Still haven’t done the post on the second part of the Paper Treatments course, but I just haven’t had enough time. Summer was absolutely wonderful, but now I’m back to school, doing two jobs, and other various things–I’m completely piled up in work, exhausted, and this is just week 1. How will I ever survive this semester!
Anyway, I took Bookbinding III at CBBAG last month, and now finally am working on leather bindings! Paring was a little difficult at first, but I think it’ll be an enjoyable process after getting more used to. Watching the instructor paring was quite mesmerizing–he has so much control! We made two books–the first one was on flattened cords with a hollow tube, and the second was tight back on raised cords.
Before working on the books, we had to do an “Intro to Paring” class, where we practiced paring on scraps and made little plaquettes.
An assortment of paring knives. I started off using an English knife, but eventually got more used to the rounded French ones.
Watching in fascination as our instructor removes a sliver of the leather.
We also had a paring machine in the studio, but in general I tried to avoid it just so I could practice paring manually. Nevertheless, a time-saving tool, definitely useful to have one!

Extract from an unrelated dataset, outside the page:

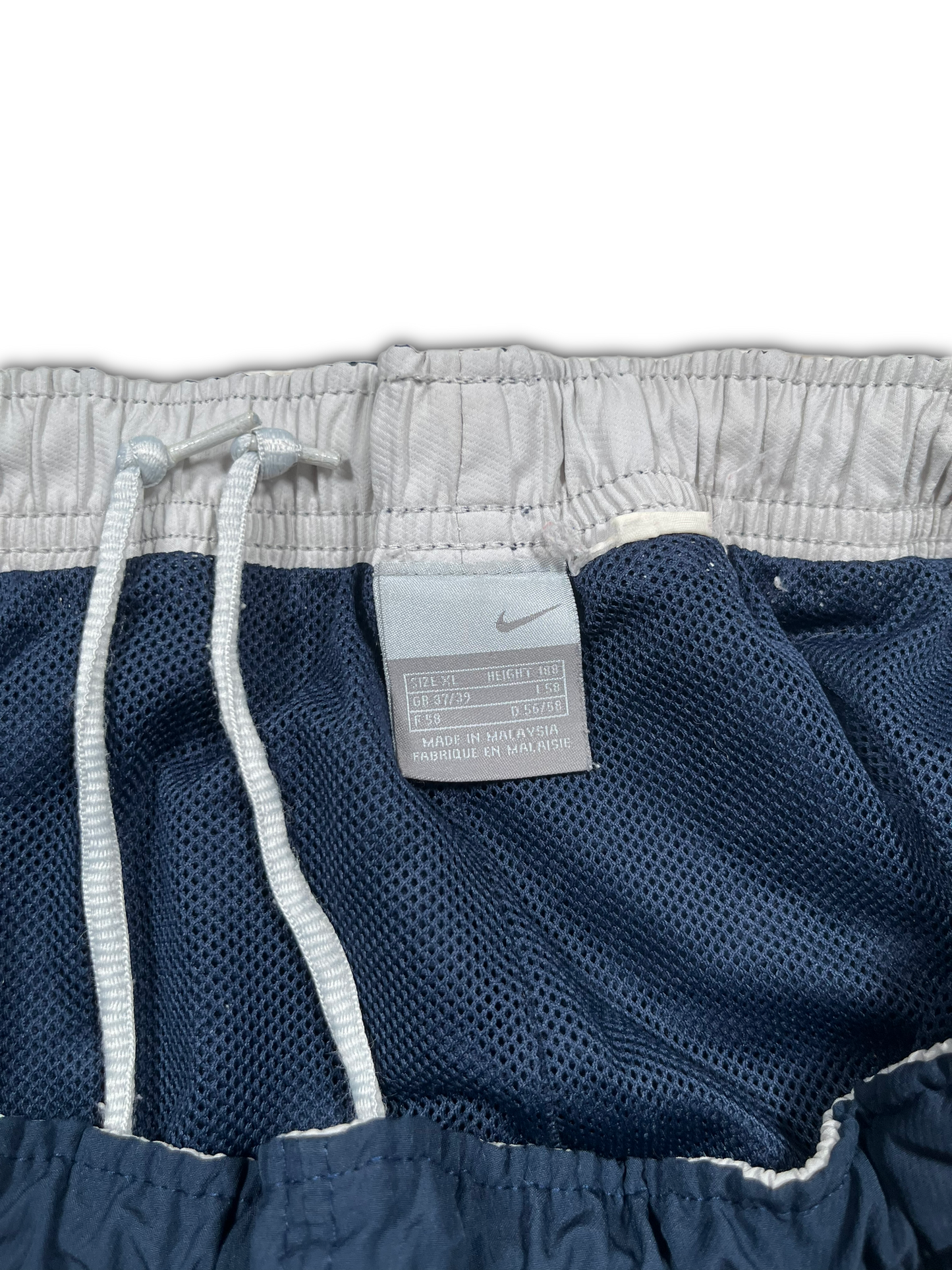 Nike Seltene Trainingshose (XL)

One of my corners and the spines for the two books. As you can see, I knocked off the edge of my corner (I somehow managed to do this to every single corner…) and sliced through a bit of my first spine. I had to redo my corners several times, having ripped a few. My heart stopped every time I ruined something and had to redo, but that couldn’t be helped.

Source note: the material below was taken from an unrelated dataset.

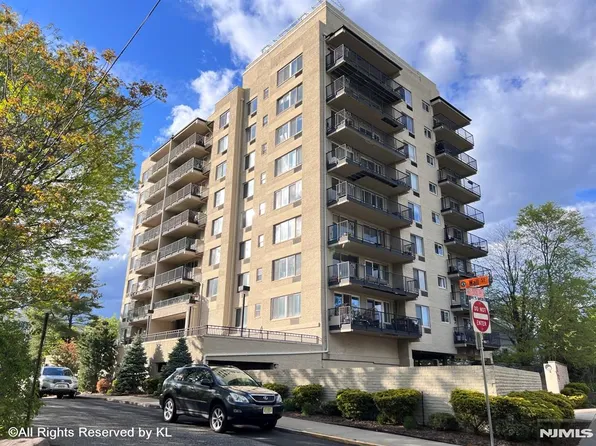 1 Wall St APT 5F, Fort Lee, NJ 07024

Sewing the book with raised cords. Most enjoyable sewing method ever?–I think so.
Demonstration of a conservation endband, on which we would then add the two threads of colour on top of.
The book with flattened cords, almost ready for the leather!

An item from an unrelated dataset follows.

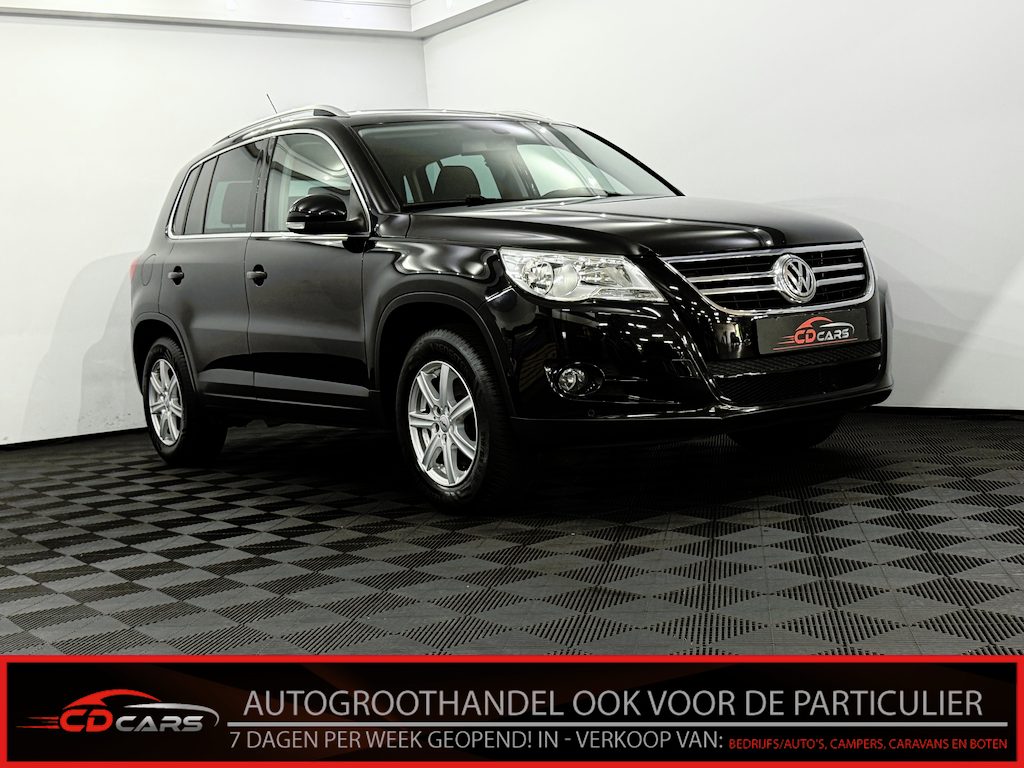 Volkswagen Tiguan 1.4 TSI Sport&Style Clima, Parkeersensoren, Navi, Cruise control, A start stop, Lichtmetalen velgen, Mistlamp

The second book, with the cords laced into the boards.
Demonstration of the proper proportions of a traditional leather binding. Although our books were not big enough for five raised bands, we still wanted to make the top section slightly longer than the middle sections, and the bottom section longer than the top section.
Demonstration of scoring a decorative line into the leather with a bone folder.
I’m happy to say that since the class, I’ve bound a leather book completely without help at home–a relief to know I can do it all by myself! I’d been reluctant to get the necessary tools to make books at home, since shipping and tax fees for ordering from Talas are excruciatingly expensive–almost costing as much as what you buy–but finally decided it was time to invest in some tools. At least I managed to get two lovely skins of goat leather at half price from a friend who was unloading some skins and marbled papers that he had!